As Charlotte noted on Friday, AEI scholar Nick Eberstadt has published a new book on the decline of work among prime-age American men, a genuine social crisis that deserves far more attention from our political and journalistic elites.

“Benchmarked against 1965, when American men were at genuine full employment, the ‘male jobs deficit’ in 2015 would be nearly 10 million, even after taking into account an older population and more adults in college,” Eberstadt wrote recently in the Wall Street Journal. According to a White House Council of Economic Advisers report, America has a lower labor-force-participation rate among prime-age men than every other OECD country save for Italy and Israel — and only Italy has experienced a sharper decline since 1990.

The decline of work has been heavily concentrated among lower-skilled men — and especially among lower-skilled young men. In an essay adapted from his June 2016 commencement speech at the University of Chicago’s Booth School of Business, economist Erik Hurst lists some truly remarkable figures:
 

Between 2000 and 2015, the employment rate for lower-skilled men and women between the ages of 21 and 55 fell by 7.5 percentage points. (I’m going to refer to “lower skilled” as anyone with less than a bachelor’s degree.) To be concrete, just over 84 percent of lower-skilled men aged 21–55 had a job in 2000. That number was under 77 percent in 2015. A 7.5 percentage point decline in employment rates is a massive change relative to historical levels. What I also want to stress is that the decline has been persistent. It was falling prior to the recession, fell sharply during the recession, and has barely rebounded after the recession. . . .

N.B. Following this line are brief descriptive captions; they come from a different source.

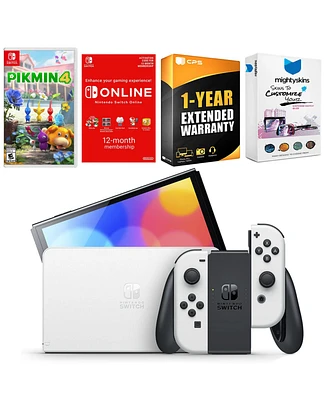 Nintendo Switch White Oled Console with Pikmin 4, Nso 12 Month Family Membership, MightySkins Console and Controller Skin Voucher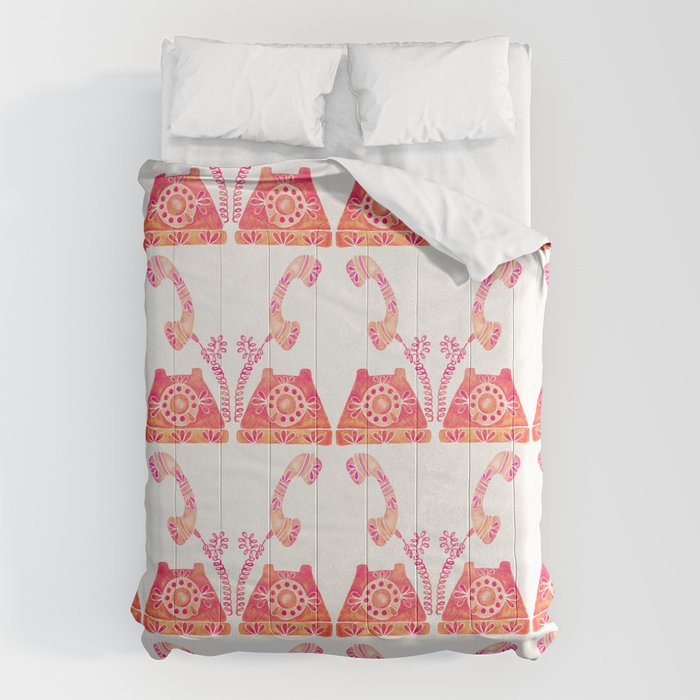 Vintage Rotary Phone - Peach Palette Comforter Gallery Image 6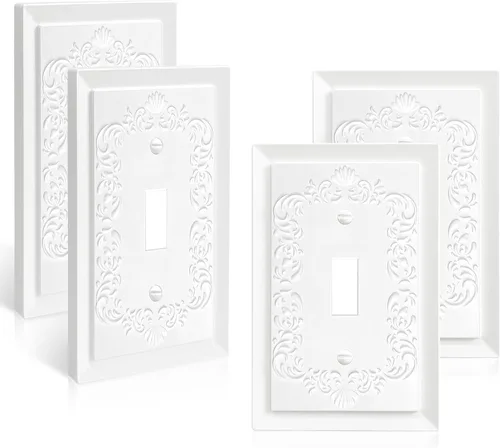 Paquete de 4 placas decorativas para interruptor de luz de palanca, diseño clásico de pétalos blancos para decoración del hogar, 1 cuadrilla tamaño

As much as we have talked about the decline in employment rates for lower-skilled individuals aged 21–55, it’s even larger for younger, low-skilled men. For low-skilled men in their 20s, employment rates have fallen by about 10 percentage points over the last 15 years — from 82 percent in 2000 to only 72 percent in 2015. This decline is staggering. You might think it’s matched by a rise in school attendance for this age group. That is not the case.
 

The following may be the most shocking number I give you today: in 2015, 22 percent of lower-skilled men aged 21–30 had not worked at all during the prior 12 months. Think about that for a second. Every time I see it, that number blows my mind. In 2000, the fraction of young, lower-skilled men that didn’t work at all during the prior year was a little under 10 percent. Men in their 20s historically are a group with a strong attachment to the labor force. The decline in employment rates for low-skilled men in their 20s was larger than it was for all other sex, age, and skill groups during this same time period.
 

How do we explain all this? Hurst notes that technology has played a big role in reducing the demand for low-skilled labor, with machines increasingly displacing blue-collar workers. He also believes that technology has reduced the supply of low-skilled labor, because it has “increased the value of leisure time.” In other words, things like video games, digital devices, and social media have made it more fun to sit on the couch all day — and, as a result, they’ve made low-wage jobs relatively less appealing.

Hurst points out that, based on Labor Department data, lower-skilled young men appear to spend a particularly large amount of time playing video games. He also observes that “lower-skilled young men in 2014 reported being much happier on average than did lower-skilled men in the early 2000s,” despite a significant drop in their employment rate over that same period. Yet Hurst cautions that the pleasures of idleness don’t last forever:

There is some evidence that these young, lower-skilled men who are happy in their 20s become much less happy in their 30s and 40s. They haven’t accumulated on-the-job skills because they spent their 20s idle. Many eventually get married and have kids. When this happens, living in their parents’ basements is no longer a viable option. Playing video games does not put food on their tables. It’s a bad combination: low labor demand plus the accumulated effects of low labor supply makes economic conditions for these aging workers pretty bleak.

These labor-market outcomes affect many facets of society. They affect the take-up rates of government transfer programs. They may explain voting patterns for certain candidates in recent periods. There is rising evidence that lower-skilled workers in their 30s and 40s are increasing their drug use. We have also seen increased suicide rates for lower-skilled workers in middle age. The effects of changing technology on the labor markets of lower-skilled workers will likely have repercussions within the U.S. economy for years to come.
 

Eberstadt rightly calls the decline of work among prime-age men “a quiet catastrophe.” There is no simple solution. But the issue certainly warrants a more prominent place in our national political debate.